February 20th, 2008 | Living
It seems like you can’t go a day without hearing another news story about the historic housing crash. Over the years, people purchased homes they could not afford using adjustable rate mortgages they should not have used. And now, ARMs are resetting at record numbers. Monthly mortgage payments are going up by hundreds, if not thousands, of dollars a month for millions of families across America. But in the meantime, home values are plummeting.
The question is, should you keep paying an increasingly more expensive mortgage while the value of your house is falling?
Walking away from your mortgage may not seem ethical to many people, but if you read over your mortgage papers you will see that it is a contractual option. When you signed your mortgage, you agreed to pay your bank back a certain amount of money (with interest) over time. However, if you chose not to pay the bank back, the bank will exercise its right to take ownership of your house and sell it in order to pay off your loan. As you are probably well aware at this point, this process is known as foreclosure. And it’s happening everywhere.
What kind of families are affected by foreclosure? In most cases, foreclosure is the result of the following:
- An ARM has reset to a higher interest rate, resulting in greater monthly mortgage payments. The homeowner cannot afford the reset, and stops making payments. Over time, the bank evicts the homeowner and sells the house to recoup its losses.

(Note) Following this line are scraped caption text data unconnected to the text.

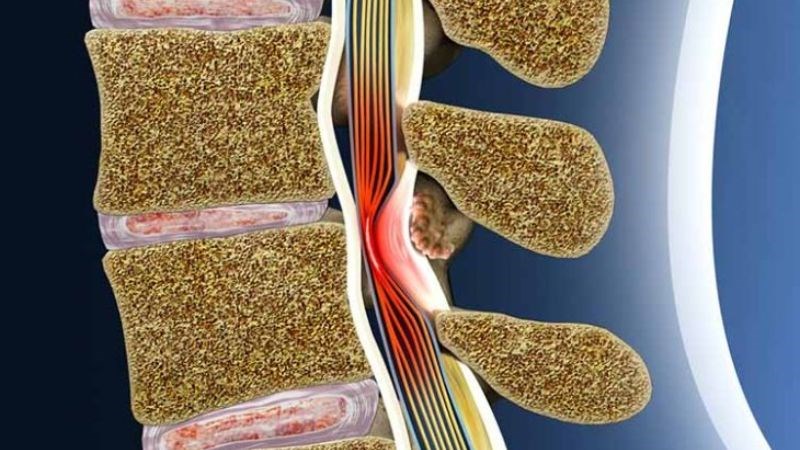 Hẹp ống sống thắt lưng khiến tủy sống hoặc các rễ thần kinh bị chèn ép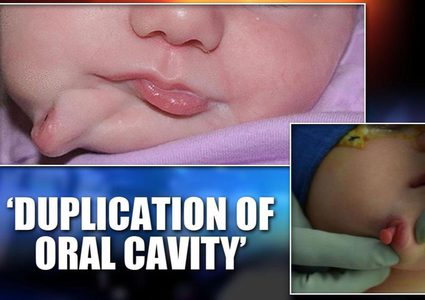 ولادة طفلة بفمين منفصلين بولاية ساوث كارولينا الأمريكية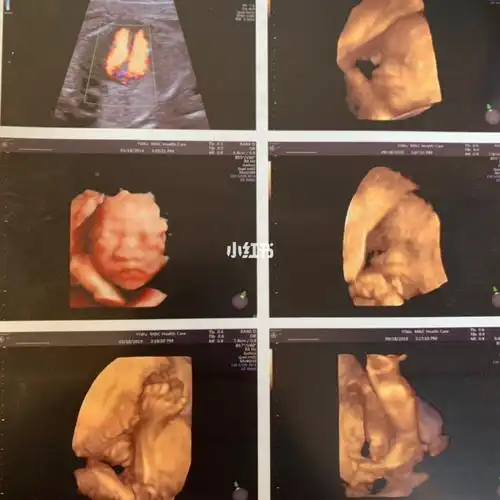 四维拍出来,当时一看好丑啊,这鼻子也太大了,我的显性基因也太强了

- A homeowner, who can afford their monthly mortgage payment, has been watching the value of their home fall consistently over the past two years. At this point, the value of the mortgage is worth more than the value of the home. Which means that if the homeowner needs to move or otherwise sell their home, they will need to bring a substantial amount of their own money to the table so that they can move on. In situations like this, many homeowners are simply walking away from their home, allowing it to fall into foreclosure.

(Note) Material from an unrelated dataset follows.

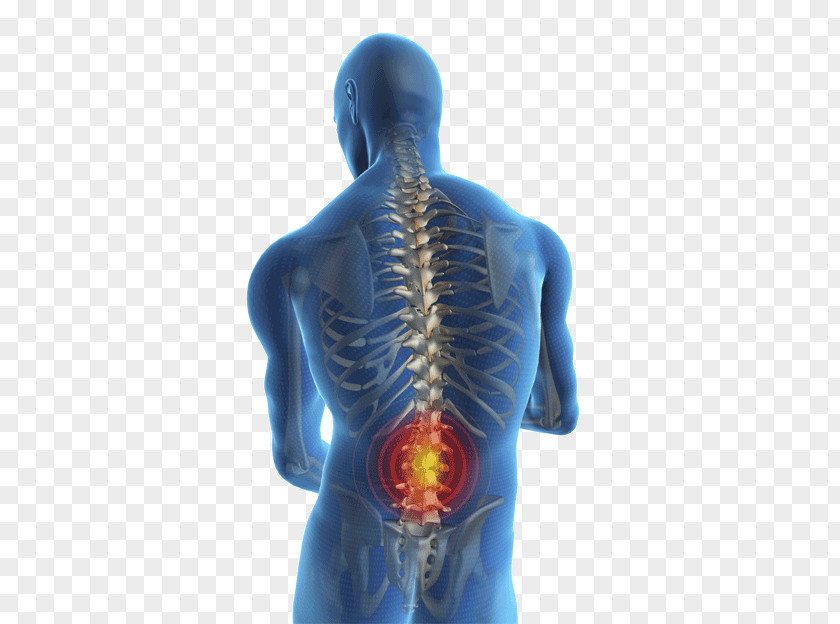 Lumbar Disc Disease Low Back Pain Injury Human Management PNG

While on paper, walking away from your mortgage to avoid financial ruin sounds great, there is one major pitfall: your credit will be destroyed. On top of the late payments your mortgage company will report to the credit bureaus, they will also report the foreclosure. A foreclosure on your credit report is a financial kiss of death. Banks will refuse to loan you money, and your credit card rates will like go up since credit card companies frequently monitor your credit report. Keep in mind that you will also have a difficult time finding a rental home to live in, since landlords check your credit report as part of the application process. A foreclosure on your record does not look good when you are trying to prove you can make rent payments.

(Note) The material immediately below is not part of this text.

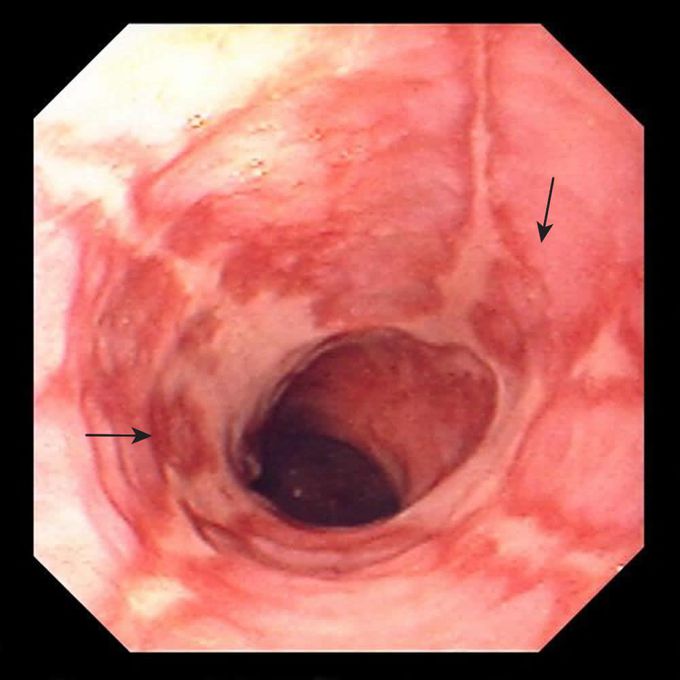 Complications of Gastroesophageal Reflux Disease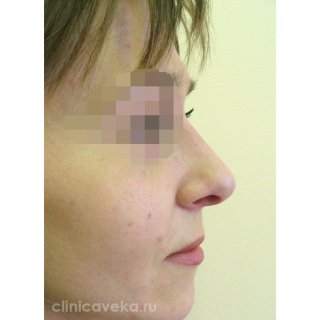 Фото профиль слева после ринопластики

But should you walk away from your mortgage? In the end, it’s an ethical decision. While yes, financially it may make sense to leave your homeownership days behind you, realistically you may need to bite the bullet and see if you can work things out with your mortgage company.


Hi Seb, good article. Sadly, I think more and more people will need to start walking away, as we are only seeing the tip of the sub-prime iceberg.
Let me know if you’d be interested in doing a couple of guest articles for each other’s sites!
Jonathan
I wouldn’t walk away from my mortgage, but I would be tempted. Having my credit trashed would make it worse, so I’d work on some way to get relief. While some people are in the situation due to their own miscalculation (too much house for their income), I know there are those who were duped.